● Obviously, we all know that batters typically do worse when facing a same-handed pitcher (e.g. a lefty batter facing a lefty pitcher). However, we can’t make any overarching statements about how much batters struggle against same-handed pitcher; the size of a lefty/righty platoon split varies from batter to batter.
● The same can be said for pitchers: while pitchers are normally better against same-handed batters, the size of a pitcher’s platoon split varies from pitcher to pitcher.
● Batters don’t have their platoon splits stabilize until at least 1,000 plate appearances against each hand (around 2,000 for right-handed batters), while pitchers have their platoon splits stabilize much faster (500-700 plate appearances against both hands).
Batted Ball Splits
● If a pitcher has an extreme batted ball profile – as in, they allow a high percentage of flyballs or groundballs – they will be more effective against batters that have a similar batted ball profile. In other words, if you put Tim Hudson (career 59% groundball rate) into a game against Johnny Gomes (career 51% flyball rate), I wouldn’t expect it to go well. Hudson would be more likely to succeed against someone like Derek Jeter, who has a career 57% groundball rate.
● Batted ball splits can have just as large an impact on a matchup as lefty-righty splits, but they don’t come into play as often because most hitters and pitchers have a neutral batted ball profile.
● Certain batted ball types are more likely to fall for hits than others. In 2010, line drives fell for hits 72% of the time, groundballs fell for hits 23% of the time, and flyballs went for hits 14% of the time. However, those percentages are based off BABIP, which excludes homeruns from its calculation; if you include homeruns, the flyball percentage bounces up to 21% of the time.
Pitch Type Splits
● There has been lots of work done over the last couple years to determine if certain pitches are more effective against same-hand or opposite-hand batters. The general rule of thumb is that pitches that move horizontally (e.g. sliders) work best against same-handed hitters, while pitches that move vertically (e.g. curves, changeups) are most effective against opposite-handed hitters.
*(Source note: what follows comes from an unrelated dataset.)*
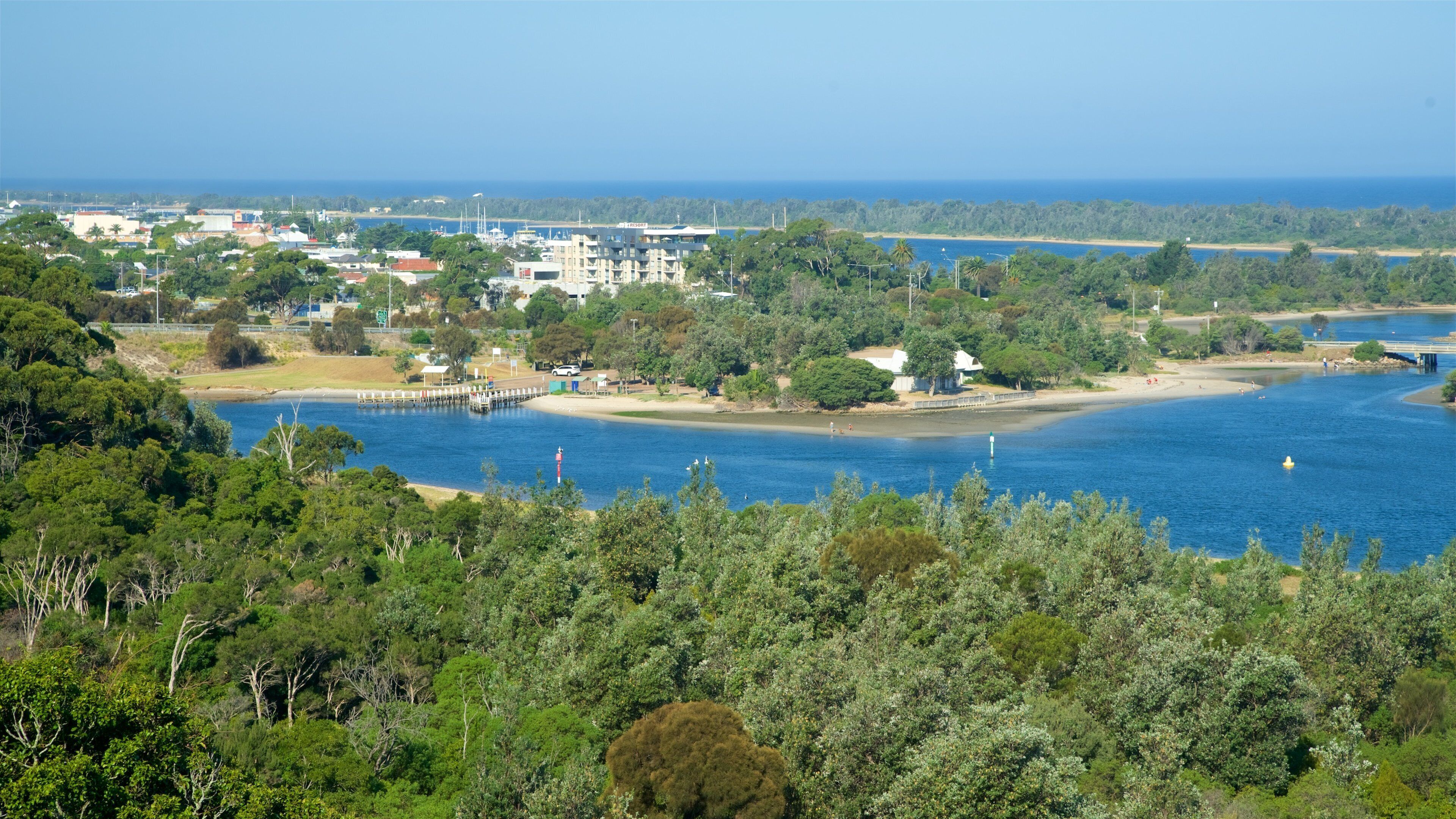 Kalimna which includes a river or creek and landscape views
● For a more complete list, here’s what I’ve been able to find over at Baseball Analysts and The Hardball Times:
Four-seam fastballs: Small platoon
Two-seam fastballs: Large platoon
Sinkers: Medium platoon
Sliders: Large platoon
Changeups: Small reverse-platoon
Curveballs: Small reverse-platoon
● In other words, pitchers should try and attack same-handed hitters with stuff like sliders, sinkers, and two-seam fastballs, while they should use changeups, curveballs, and cutters against opposite-handed batters. These are sweeping generalizations, though, and the optimal breakdown may vary depending on a pitcher’s movement and pitch repertoire.
● Small Sample Size - Whenever trying to draw a conclusion about a player’s talent, large samples are always better than small. See the Sample Size page for exact information on how large of a sample is good enough, but some statistics don’t provide predictive value even after a full season. And when you look at splits, you’re almost always looking at small samples. To avoid this, look at a player’s career splits and ignore anything with less than 500-1000 ABs.
● Regression to the Mean - Say a .350 wOBA player has a big lefty-righty split, something like .300 lefty wOBA / .360 righty wOBA. Going forward, should you expect their true talent level against lefties to be .300 wOBA or .350 wOBA? The correct answer is somewhere in the middle, depending how large a sample you’re using. If it’s a large sample (~1000 ABs versus lefties), you can expect their talent level to be somewhere in the .310-.320 wOBA range. If it’s a small sample, though, you have to expect that their talent level is closer to their career numbers than their split numbers, so maybe something in the .340-.350 range.